Elegiste una bella profesión, fascinante como tú eres, bregando con aquellos niños problemáticos, carentes de futuro e ilusiones, víctimas del fracaso paterno, el desapego social y las circunstancias.
Tu presencia en el barrio donde crecí, fue condición sine qua non para que los más instruidos, los que sabíamos que caminábamos por senderos equivocados, eligiésemos el camino correcto. Te debo tantas cosas que inviable poder devolvértelas, salvo reflejando en mis escritos hacia tu persona, tu inestimable labor como educador de jóvenes abocados al abismo.
Sé que practicabas Yoga, ya en esa época, cuando la ignorancia colectiva te ponía en una tesitura complicada, de incomprensión por parte de la sociedad en general. Nos animabas a practicar esa milenaria técnica, convencido tú que aportaría luz a nuestras vidas y, nosotros, desde el desconocimiento y la socarronería, nos burlábamos, mientras esbozabas una sonrisa sincera, cargada de buenos sentimientos, para con nosotros.

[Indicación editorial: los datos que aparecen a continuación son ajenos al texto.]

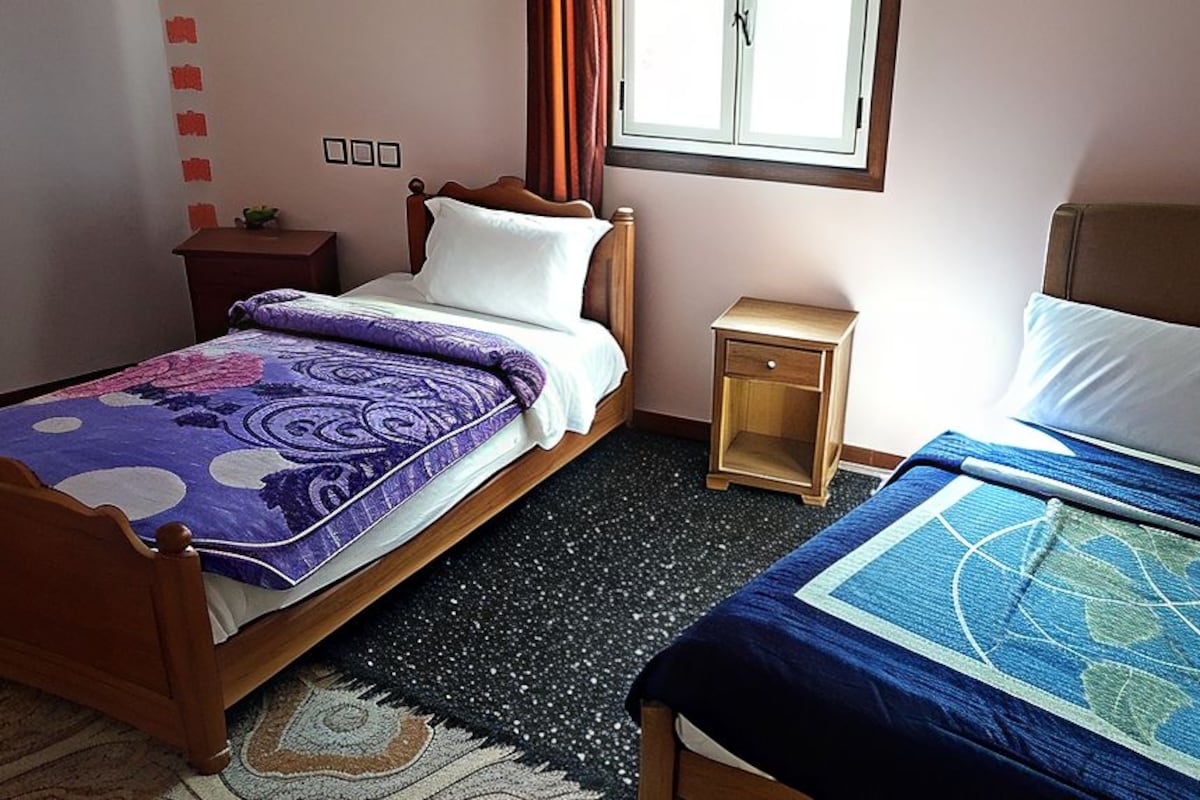 A bedroom with two beds, a nightstand, a small table, and a window.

¡No seáis malos! ¡Pero mira que sois cabroncetes! nos decías siempre, aludiendo a nuestro temperamento insurrecto, hacia ti, hacia nosotros mismos... hacia todo.
Amigo:
donde quiera que estés, aprovecho para agradecerte tus sabios consejos, retomando la paz y concordia que supiste transmitirme allá en mis tiempos de inconsciente mocedad, y hoy, ya en la cúspide del camino, en la ineludible madurez que me hace retomar el vuelo, pongo en práctica tu inefable conocimiento.
Nunca es tarde, Pablo. Nunca es tarde.